- Your goal -
Nothing but the lines from the one containing "紫阳公积金贷款政策变化，解读最新趋势与影响" through the last line of the data below should be returned, each exactly as it stands, pictures excluded.

[Records from a dataset]
::::::::

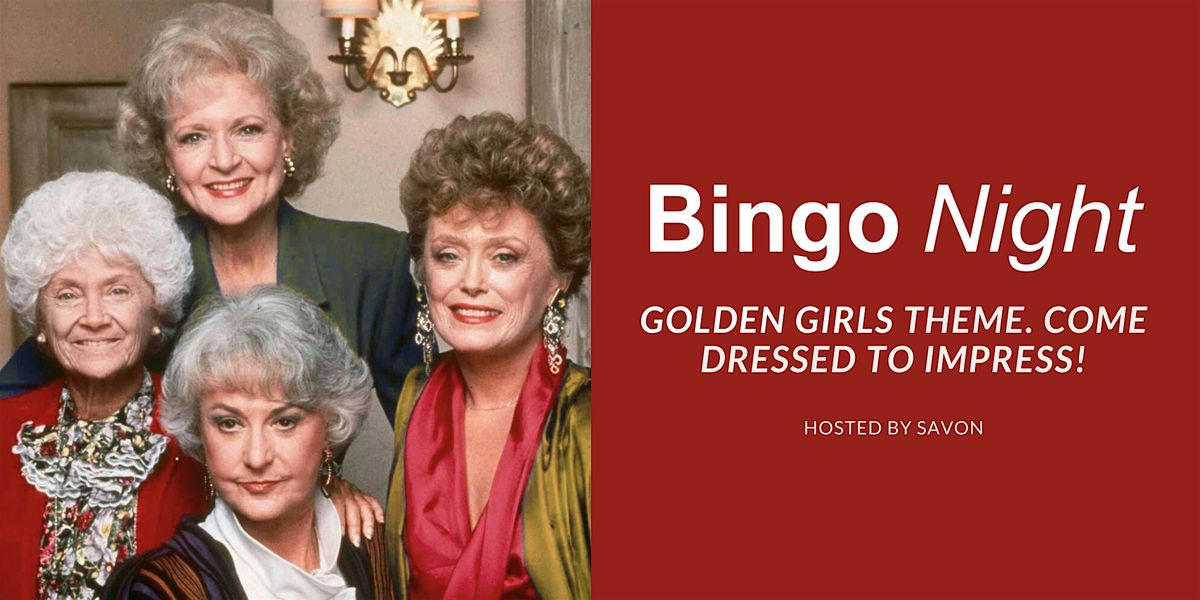 Golden Girls Bingo Night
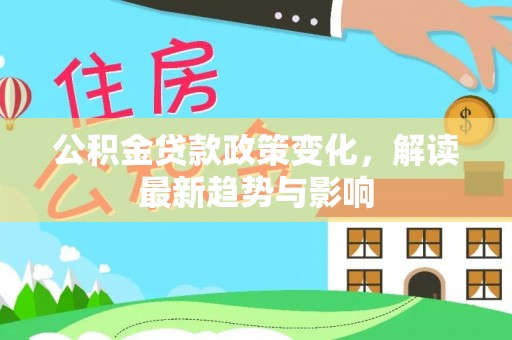 紫阳公积金贷款政策变化，解读最新趋势与影响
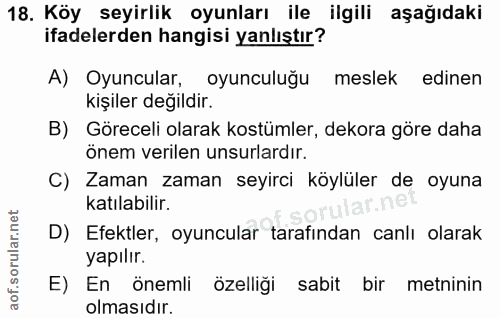 18. soru: Köy seyirlik oyunları ile ilgili aşağıdaki ifadelerden hangisi yanlıştır? A) Oyuncular, oyunculuğu meslek edinen kişi…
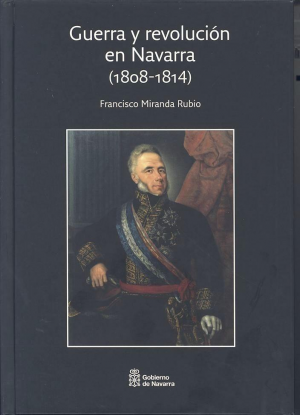 GUERRA Y REVOLUCIÓN EN NAVARRA (1808-1814)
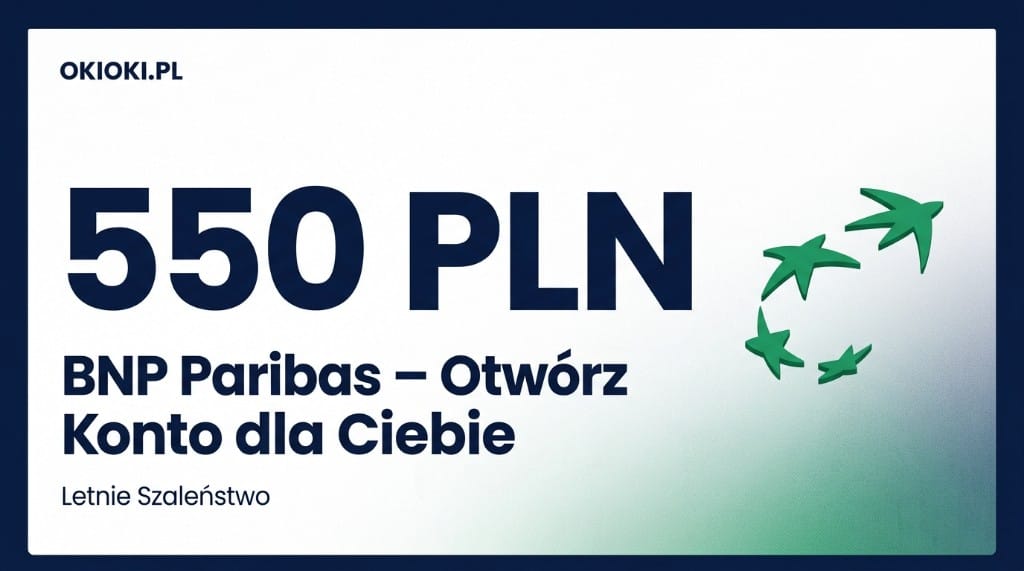 BNP Paribas: премія до 550 zł за Konto Otwarte na Ciebie («Літній шал»)
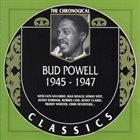 BUD POWELL The Chronological Classics: Bud Powell 1945-1947 album cover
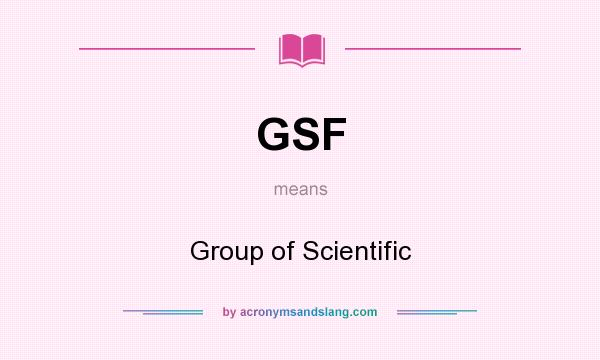 What does GSF mean? It stands for Group of Scientific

::::::::

- Output -
 紫阳公积金贷款政策变化，解读最新趋势与影响
 18. soru: Köy seyirlik oyunları ile ilgili aşağıdaki ifadelerden hangisi yanlıştır? A) Oyuncular, oyunculuğu meslek edinen kişi…
 GUERRA Y REVOLUCIÓN EN NAVARRA (1808-1814)
 BNP Paribas: премія до 550 zł за Konto Otwarte na Ciebie («Літній шал»)
 BUD POWELL The Chronological Classics: Bud Powell 1945-1947 album cover
 What does GSF mean? It stands for Group of Scientific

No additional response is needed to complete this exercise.